Source information »
----------

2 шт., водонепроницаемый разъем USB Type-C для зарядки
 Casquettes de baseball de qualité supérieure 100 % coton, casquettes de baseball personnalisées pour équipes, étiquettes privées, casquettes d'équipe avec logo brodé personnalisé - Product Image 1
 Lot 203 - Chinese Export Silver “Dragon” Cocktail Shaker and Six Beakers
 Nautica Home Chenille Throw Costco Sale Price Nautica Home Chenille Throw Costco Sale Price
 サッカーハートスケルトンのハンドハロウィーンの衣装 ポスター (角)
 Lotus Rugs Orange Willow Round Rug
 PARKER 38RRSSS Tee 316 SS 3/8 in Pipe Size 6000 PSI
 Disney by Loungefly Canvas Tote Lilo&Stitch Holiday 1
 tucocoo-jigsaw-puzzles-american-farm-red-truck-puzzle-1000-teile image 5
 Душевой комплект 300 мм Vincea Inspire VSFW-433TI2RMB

----------

Problem statement »
Recopy the records without any alteration.

Result of the exercise »
2 шт., водонепроницаемый разъем USB Type-C для зарядки
 Casquettes de baseball de qualité supérieure 100 % coton, casquettes de baseball personnalisées pour équipes, étiquettes privées, casquettes d'équipe avec logo brodé personnalisé - Product Image 1
 Lot 203 - Chinese Export Silver “Dragon” Cocktail Shaker and Six Beakers
 Nautica Home Chenille Throw Costco Sale Price Nautica Home Chenille Throw Costco Sale Price
 サッカーハートスケルトンのハンドハロウィーンの衣装 ポスター (角)
 Lotus Rugs Orange Willow Round Rug
 PARKER 38RRSSS Tee 316 SS 3/8 in Pipe Size 6000 PSI
 Disney by Loungefly Canvas Tote Lilo&Stitch Holiday 1
 tucocoo-jigsaw-puzzles-american-farm-red-truck-puzzle-1000-teile image 5
 Душевой комплект 300 мм Vincea Inspire VSFW-433TI2RMB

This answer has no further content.